* [Instructions for the task]:
The first line of the listing opens the range and the line with "Disney Style Jungle" closes it; repeat those lines and all between them word for word, leaving out the pictures.

* [Excerpted data]:
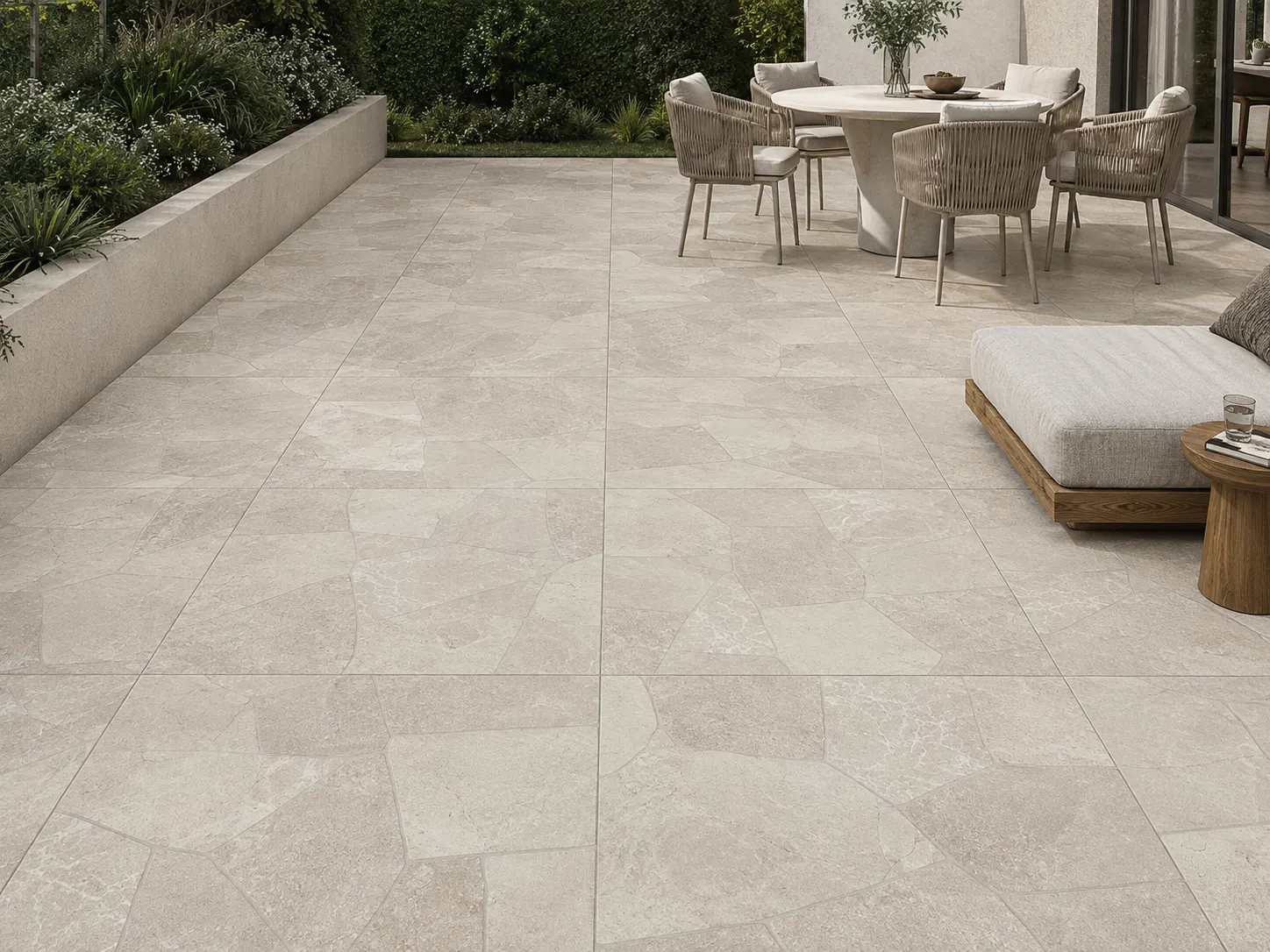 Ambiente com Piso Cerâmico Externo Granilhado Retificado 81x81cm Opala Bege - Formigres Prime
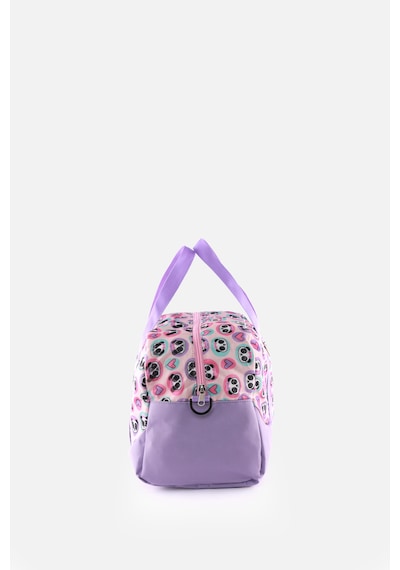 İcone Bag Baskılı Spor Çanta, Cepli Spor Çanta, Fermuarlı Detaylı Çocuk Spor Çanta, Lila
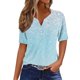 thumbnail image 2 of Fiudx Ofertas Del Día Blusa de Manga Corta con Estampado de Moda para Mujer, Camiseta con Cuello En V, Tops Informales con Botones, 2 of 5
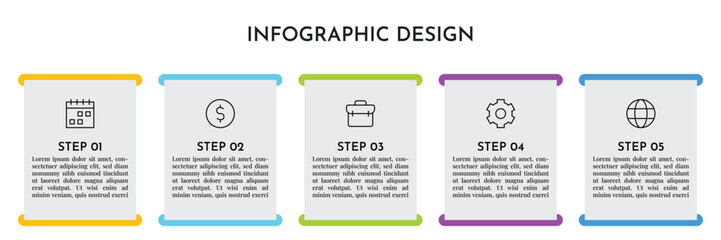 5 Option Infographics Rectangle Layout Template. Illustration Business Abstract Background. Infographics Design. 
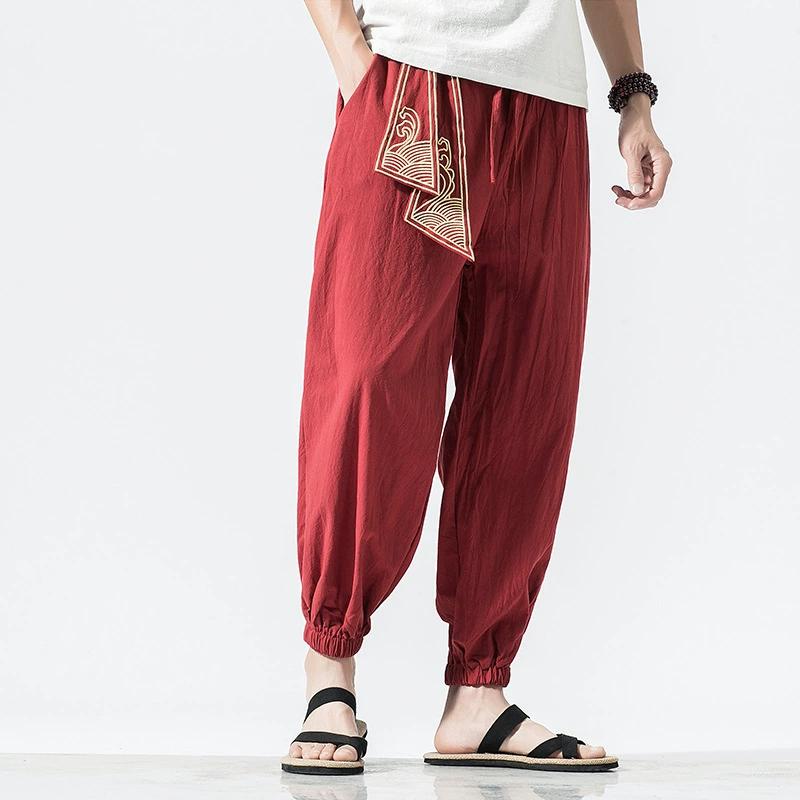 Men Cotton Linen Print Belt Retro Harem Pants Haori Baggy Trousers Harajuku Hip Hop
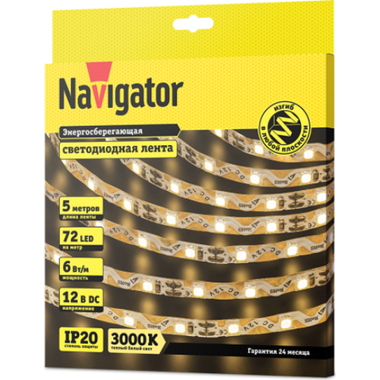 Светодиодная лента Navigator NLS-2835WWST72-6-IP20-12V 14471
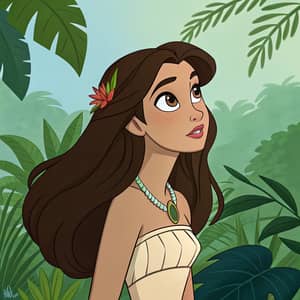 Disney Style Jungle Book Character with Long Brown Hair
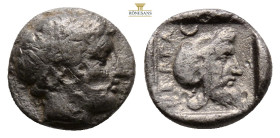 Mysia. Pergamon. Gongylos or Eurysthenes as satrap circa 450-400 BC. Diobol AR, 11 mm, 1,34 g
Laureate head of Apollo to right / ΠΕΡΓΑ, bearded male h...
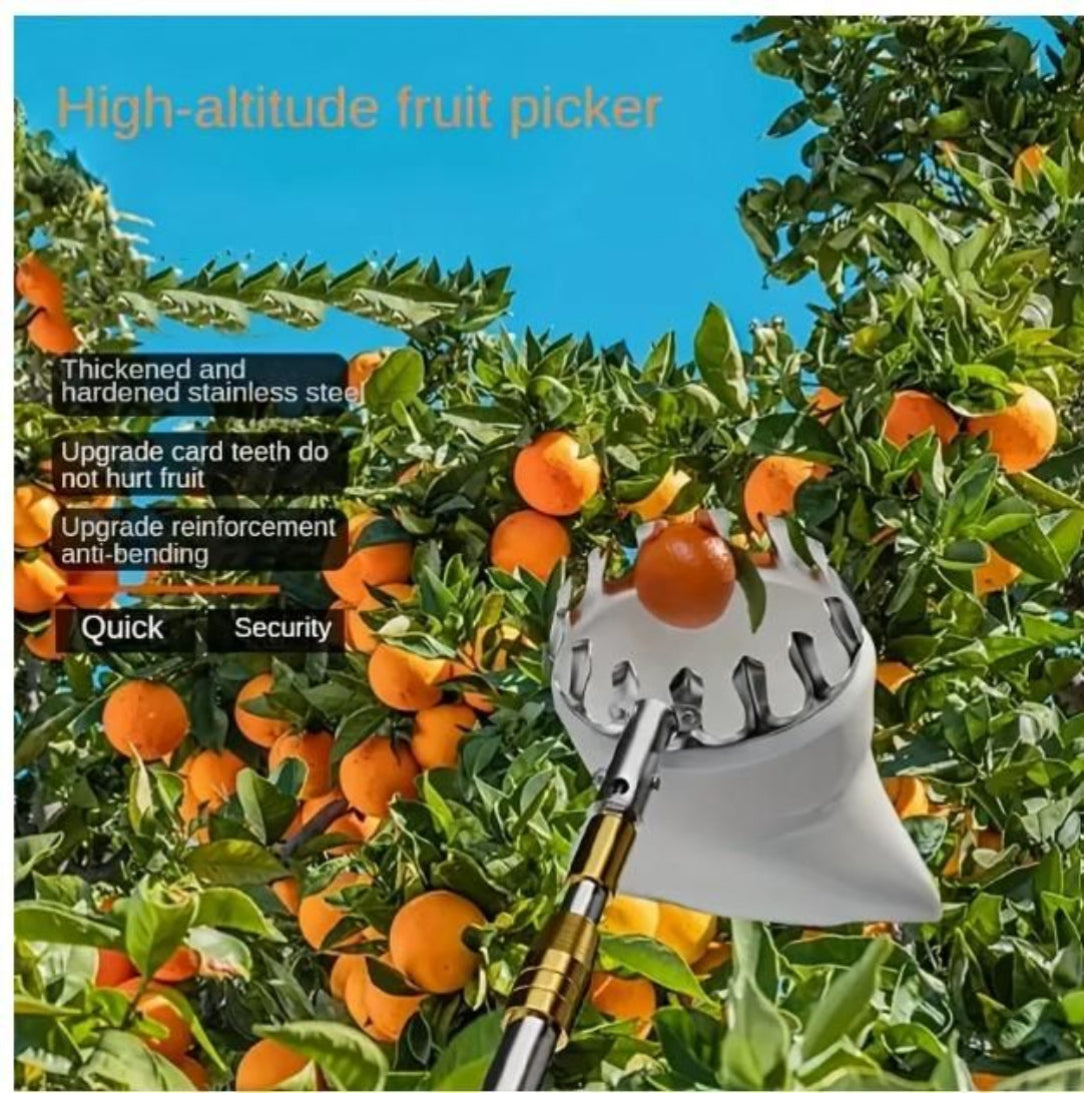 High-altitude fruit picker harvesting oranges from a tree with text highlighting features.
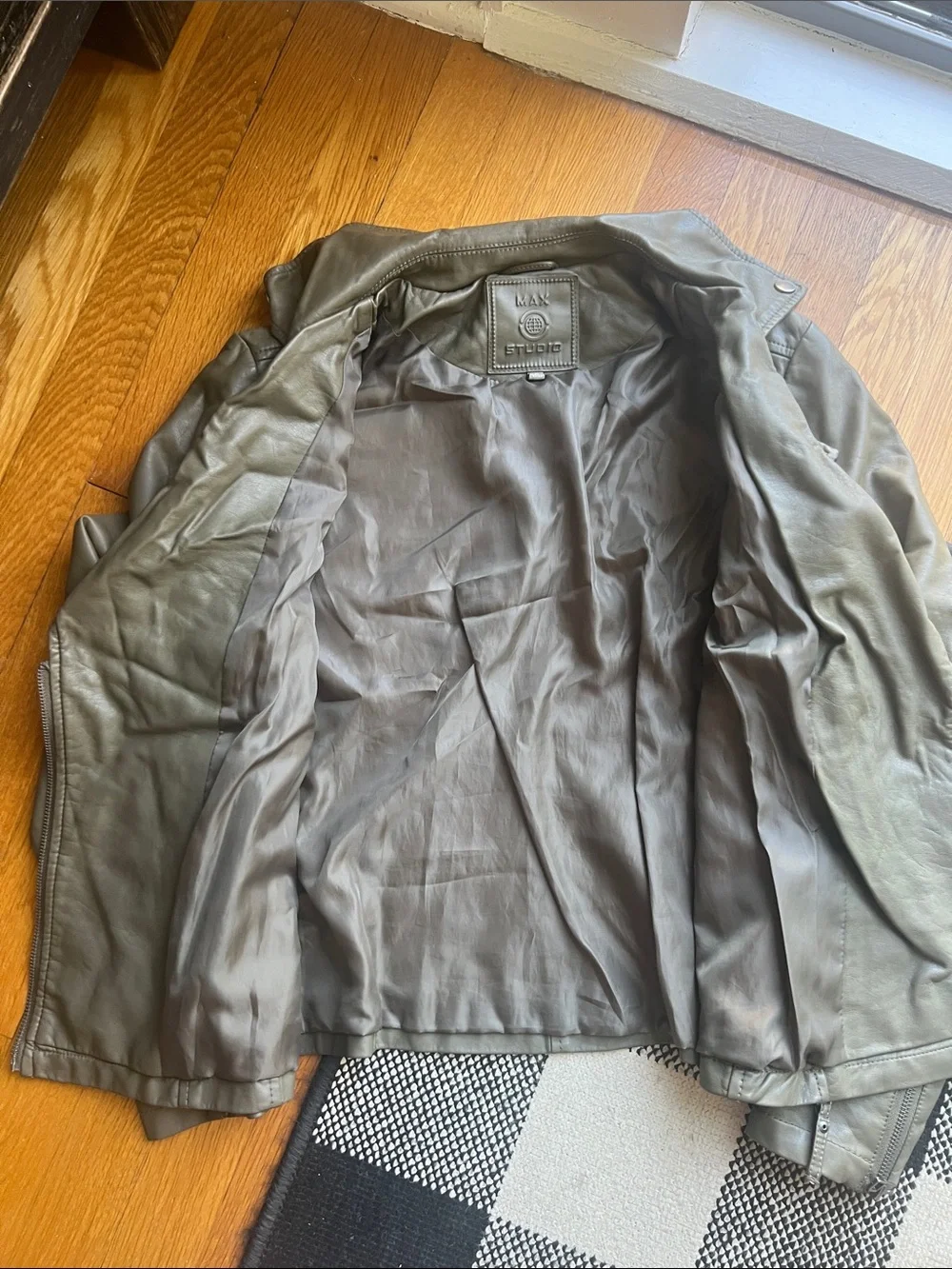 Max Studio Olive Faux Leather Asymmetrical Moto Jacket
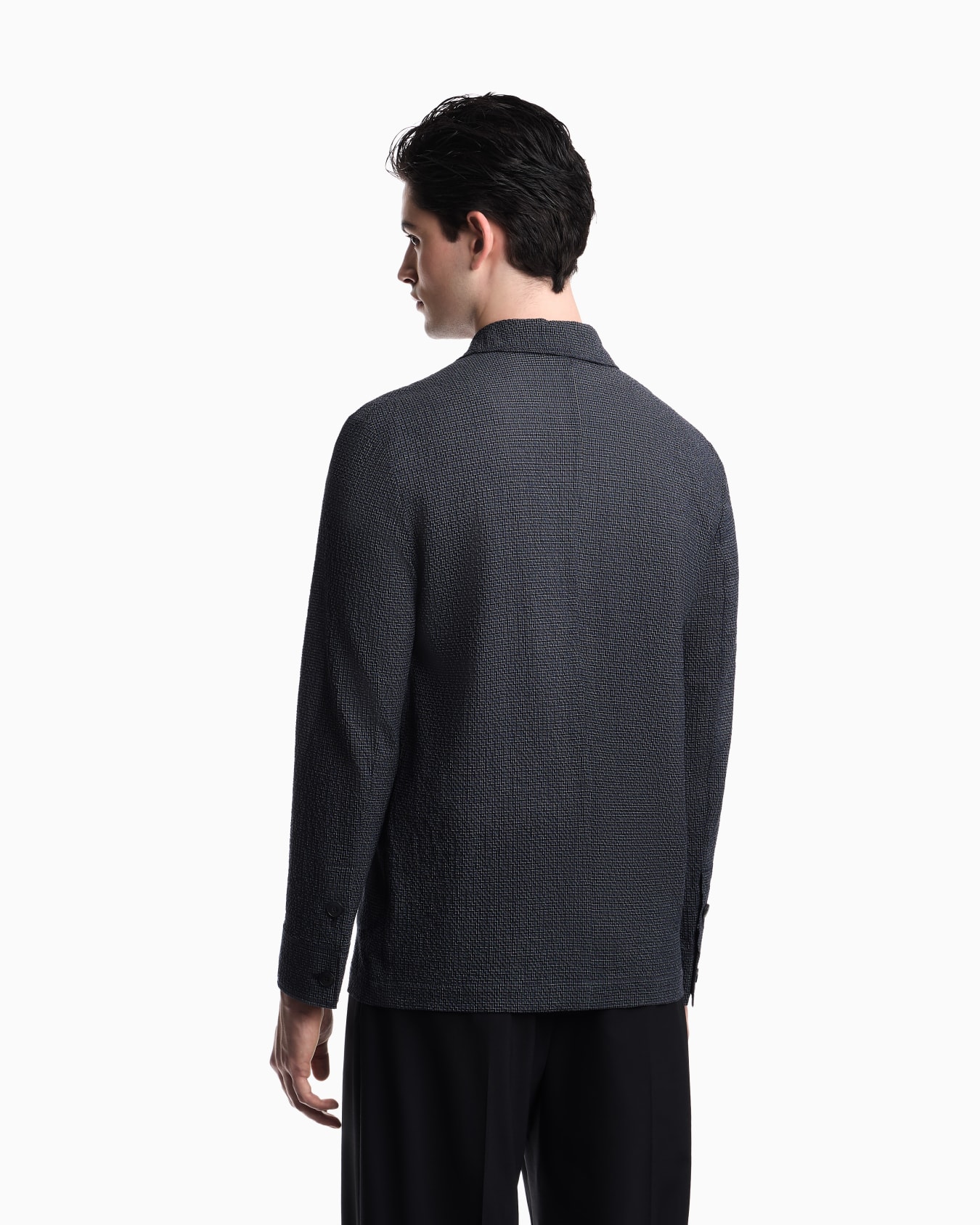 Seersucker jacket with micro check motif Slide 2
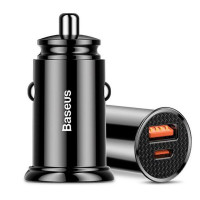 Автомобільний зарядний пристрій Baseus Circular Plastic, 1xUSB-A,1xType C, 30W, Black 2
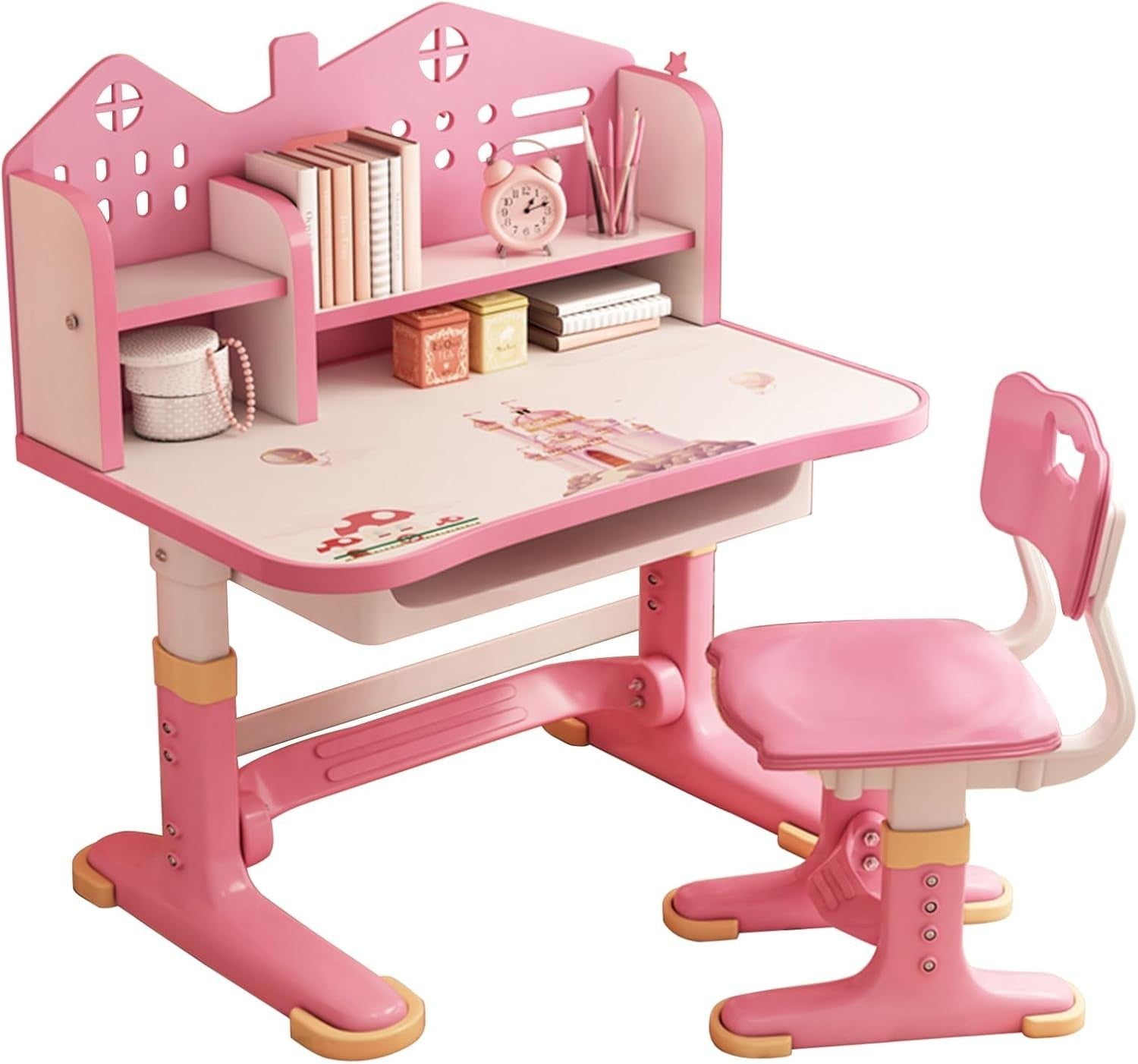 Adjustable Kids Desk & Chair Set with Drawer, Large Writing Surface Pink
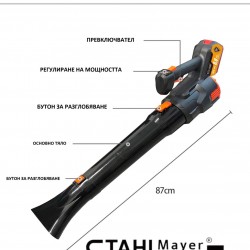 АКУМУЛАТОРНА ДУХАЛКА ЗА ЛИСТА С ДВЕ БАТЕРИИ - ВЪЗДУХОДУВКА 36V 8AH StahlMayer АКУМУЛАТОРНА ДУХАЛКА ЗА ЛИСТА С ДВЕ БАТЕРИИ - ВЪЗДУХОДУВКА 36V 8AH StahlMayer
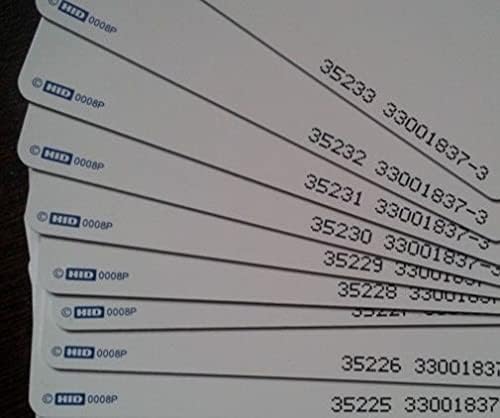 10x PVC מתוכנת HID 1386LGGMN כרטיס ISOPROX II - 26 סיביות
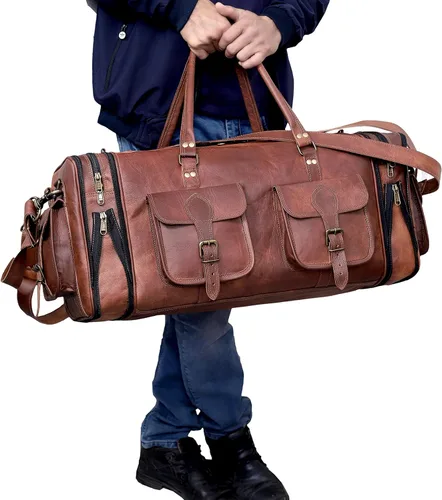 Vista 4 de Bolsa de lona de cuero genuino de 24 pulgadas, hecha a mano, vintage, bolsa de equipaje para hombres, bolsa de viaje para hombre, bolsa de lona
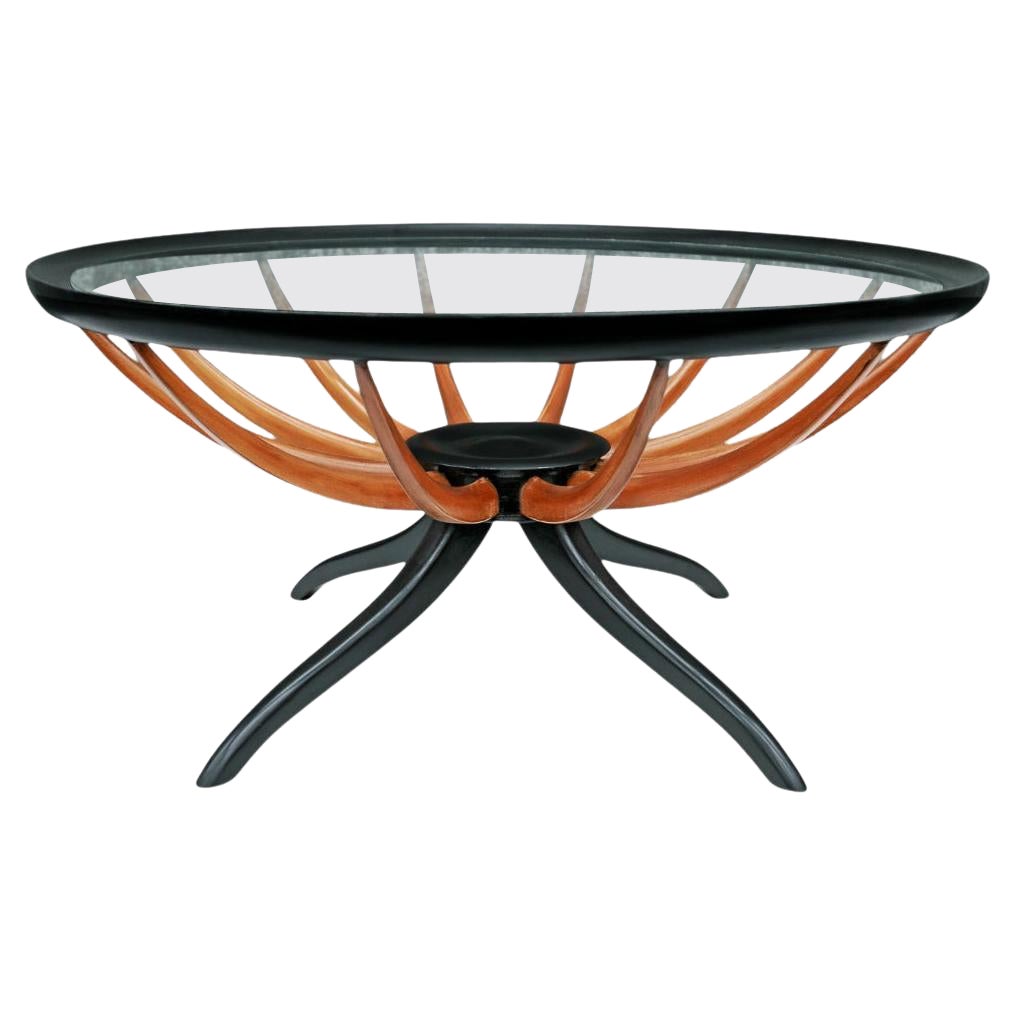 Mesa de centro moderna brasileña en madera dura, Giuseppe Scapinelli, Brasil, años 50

* [Written solution]:
 Ambiente com Piso Cerâmico Externo Granilhado Retificado 81x81cm Opala Bege - Formigres Prime
 İcone Bag Baskılı Spor Çanta, Cepli Spor Çanta, Fermuarlı Detaylı Çocuk Spor Çanta, Lila
 thumbnail image 2 of Fiudx Ofertas Del Día Blusa de Manga Corta con Estampado de Moda para Mujer, Camiseta con Cuello En V, Tops Informales con Botones, 2 of 5
 5 Option Infographics Rectangle Layout Template. Illustration Business Abstract Background. Infographics Design. 
 Men Cotton Linen Print Belt Retro Harem Pants Haori Baggy Trousers Harajuku Hip Hop
 Светодиодная лента Navigator NLS-2835WWST72-6-IP20-12V 14471
 Disney Style Jungle Book Character with Long Brown Hair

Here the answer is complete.